Jean-Paul Pigasse, directeur de la publication des Dépêches de Brazzaville, a présenté son point de vue de patron de presse africain, sur la crise que traverse la presse quotidienne française bousculée par l’irruption du numérique. Jean-Paul Pigasse connaît bien la presse française pour avoir dirigé notamment les journaux les Echos et l’Express.  Le patron des Dépêches de Brazzaville a offert une vision optimiste de la transition numérique à laquelle est confrontée l’ensemble de la presse mondiale. Selon lui, cette crise qui frappe plus durement la presse française était « annoncée et inévitable » et a débuté avant Internet. Mais pour Jean-Paul Pigasse si Internet a conduit dans un premier temps à une crise de la presse quotidienne, il permet avant tout l’ouverture des journaux à de nouveaux marchés grâce à une diffusion à l’échelle mondiale et non locale.  Il y aurait ainsi selon le patron de presse congolais un énorme marché pour la presse française notamment en Afrique.
Les intervenants européens affichaient moins d’optimisme au regard de la transition numérique. Au Portugal, Afonso Camoes, ex-président de l’agence de presse nationale, en passe de reprendre le deuxième titre de presse du pays, décrit un univers où le  nombre de titres a été divisé par deux et où les chiffres de diffusion des journaux rescapés de cette hécatombe se sont effondrés en trente ans.  Selon Afonso Camoes la presse est confrontée à un triple paradoxe : il y a beaucoup de production d’information, beaucoup de consommateurs d’information, beaucoup de plateformes pour distribuer l’information mais l’industrie des médias est menacée et  de nombreux journaux ferment.  Pour lui, les marques du journalisme demeurent cependant des gages de confiance et de crédibilité pour les lecteurs.
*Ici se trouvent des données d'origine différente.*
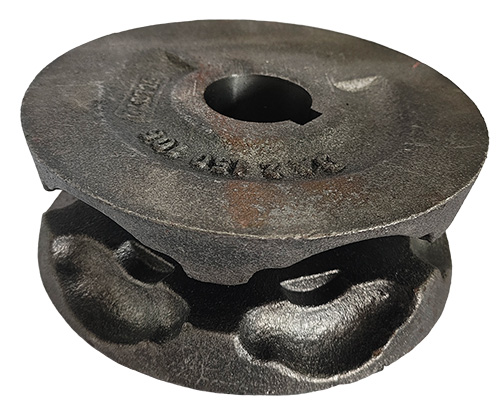 69-6-253 IHOF Nusskettenrad Ø130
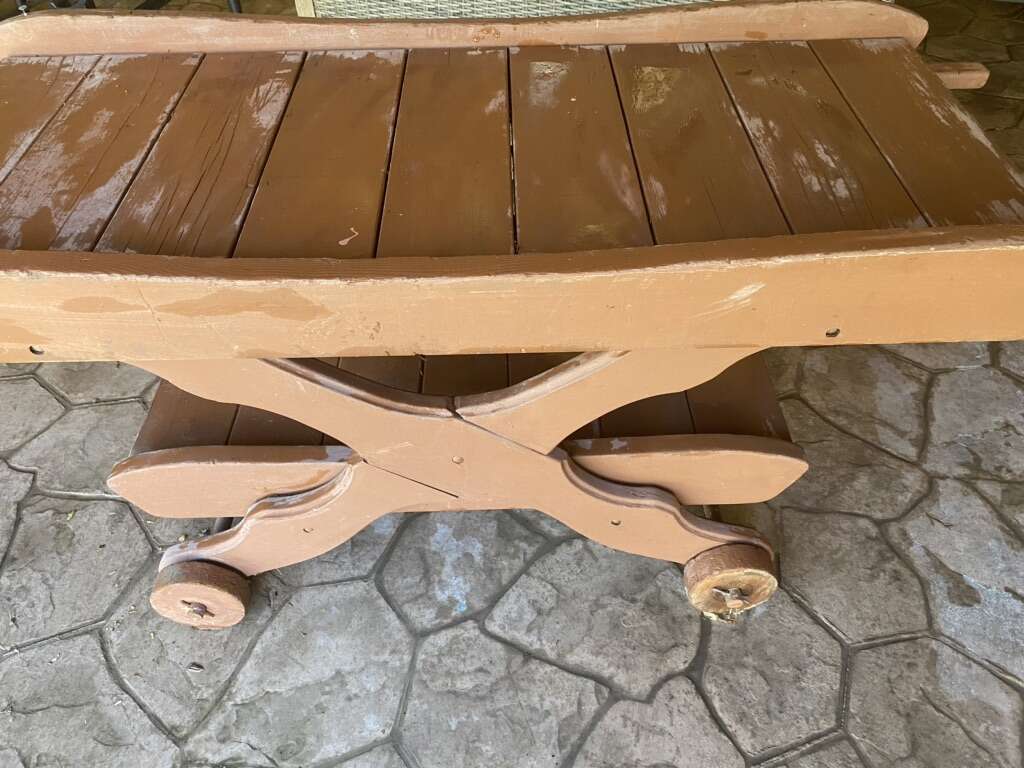 Vintage Tea Or Trolley Table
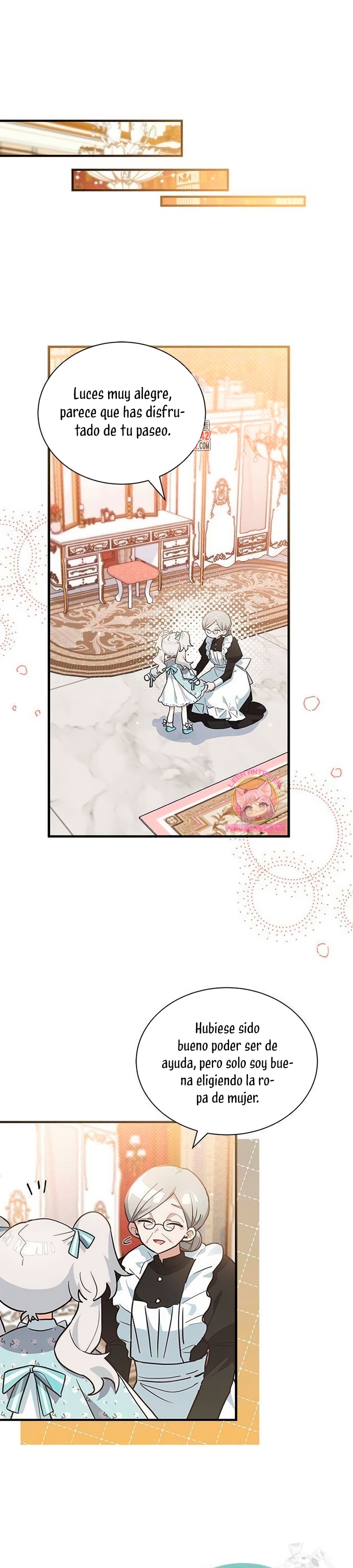 Soy un gato, pero… ¿fui adoptada por una familia de lobos? Capítulo 12 - Página 3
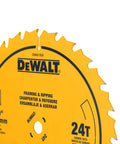 Premium 10 Inch Carbide Table Saw Blade With 24 Teeth For Flat Out Woodcutting Speed During General Purpose Circular Saw Tool Applications Delivers Dead On Accuracy And Knockout Finish Quality Always, focus on teeth and diameter.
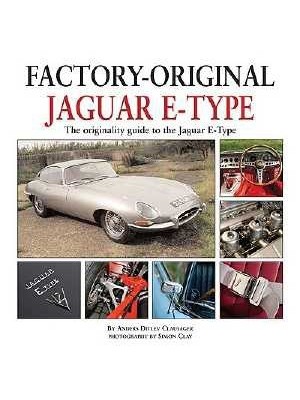 FACTORY ORIGINAL JAGUAR E-TYPE - GUIDE 3.8, 4.2 AND V12 MODELS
Pour Philippe Kieffer, journaliste et co-auteur du documentaire Presse : vers un monde sans papier, diffusé sur la chaîne franco-allemande Arte, la crise de la presse est  importante pour la démocratie, la sauvegarde d’un pan de l’économie et du monde de la publicité.  Selon le journaliste, l’information, devenue surabondante, n’a presque plus de valeur marchande, les lecteurs ayant de surcroît pris l’habitude que l’accès à l’information soit gratuit. En France, les baisses des ventes sont également très importantes, la plupart des grands titres de la presse quotidienne nationale ne tirant plus qu’à environ 50.000 exemplaires par jour. D’année en année, les lecteurs disent avoir moins d’intérêt pour les journaux et moins de confiance dans les journalistes. La multiplication des canaux d’information : avec l’apparition des chaînes d’information en continu, des radios d’information et des journaux gratuits a conduit à une augmentation de l’audience mais pas des recettes publicitaires, les annonceurs ne s’étant pas  reporté du papier vers le web. Les subventions publiques qui représentent 10 à 20 % du chiffre d’affaire des journaux français sont devenues indispensables à leur survie.
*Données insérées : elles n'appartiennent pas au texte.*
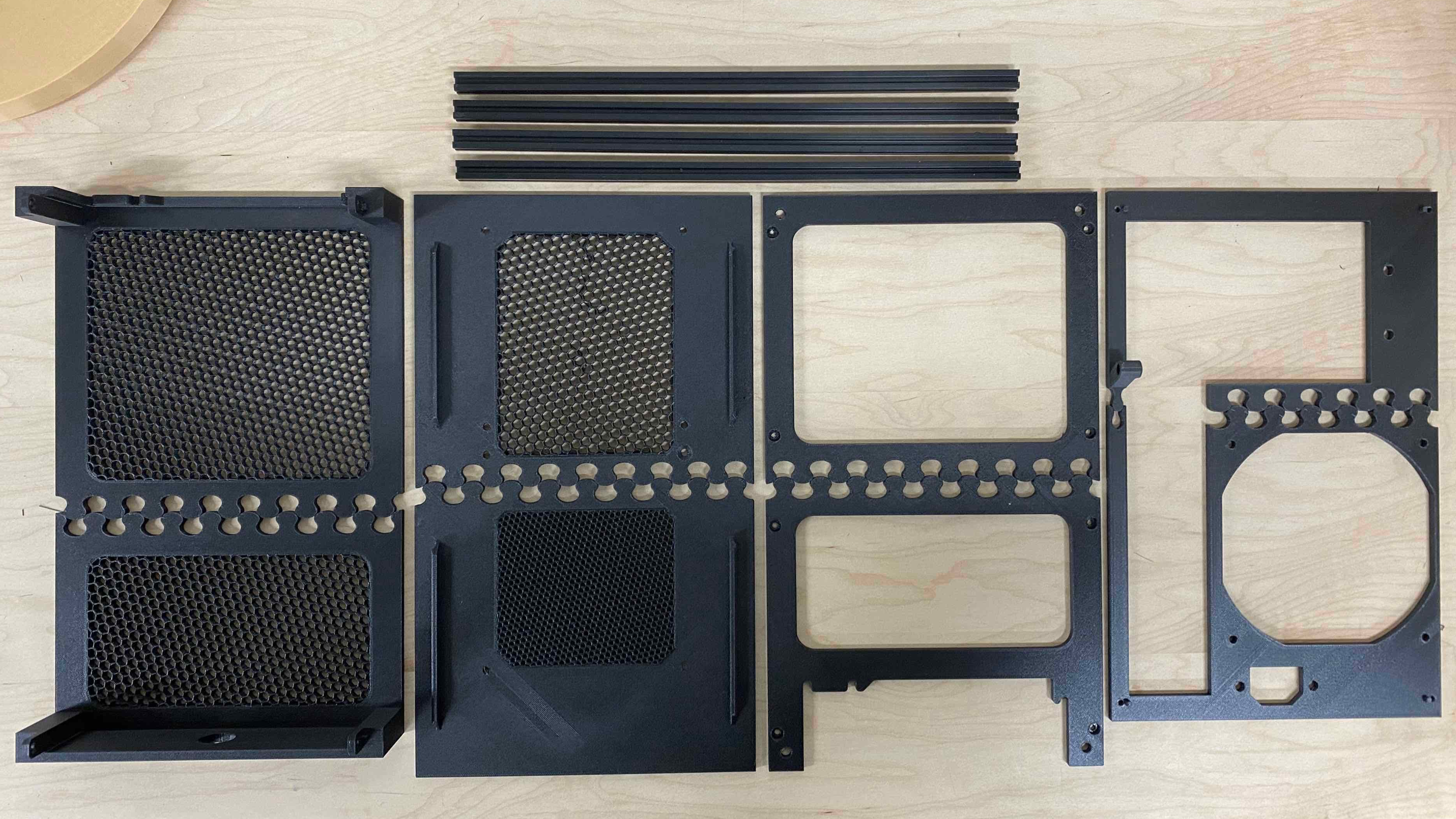 3D Printer Docking Test PC Case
Pour Thomas Hanke, correspondant à Paris d’un journal allemand, les journaux peuvent survivre s’ils s’orientent vers l’opinion et le commentaire car l’information brute a perdu énormément de  sa valeur.
Selon Vincent Peyrègne, directeur général de l’association mondiale des journaux et éditeurs de médias de l’information, la presse pour survivre économiquement doit réfléchir au développement de revenus disruptifs numériques tels que la vente du comportement des lecteurs de leurs sites internet aux annonceurs (PIMS). En effet selon lui, les lecteurs n’ont jamais payé l’information dont les coûts étaient supportés par les publicitaires. Mais la multiplication des acteurs de l’information a conduit à une fragmentation du marché pour des recettes amoindries puisque 7 dollars de publicité sur support papier se traduisent par 1 dollar de recettes publicitaires sur internet.
Armelle Thoraval, présidente de l’Open Internet Project, a fait part du combat de son association contre la domination des plateformes américaines très puissantes, telles que  Google sur internet. En effet si une information n’est pas bien référencée dans ce moteur de recherche utilisé par 90% des internautes,  votre information peut n’être visible pour personne. L’Open internet project se bat pour que ce moteur de recherche  hyper dominant soit considéré comme un bien commun et non un enjeu commercial.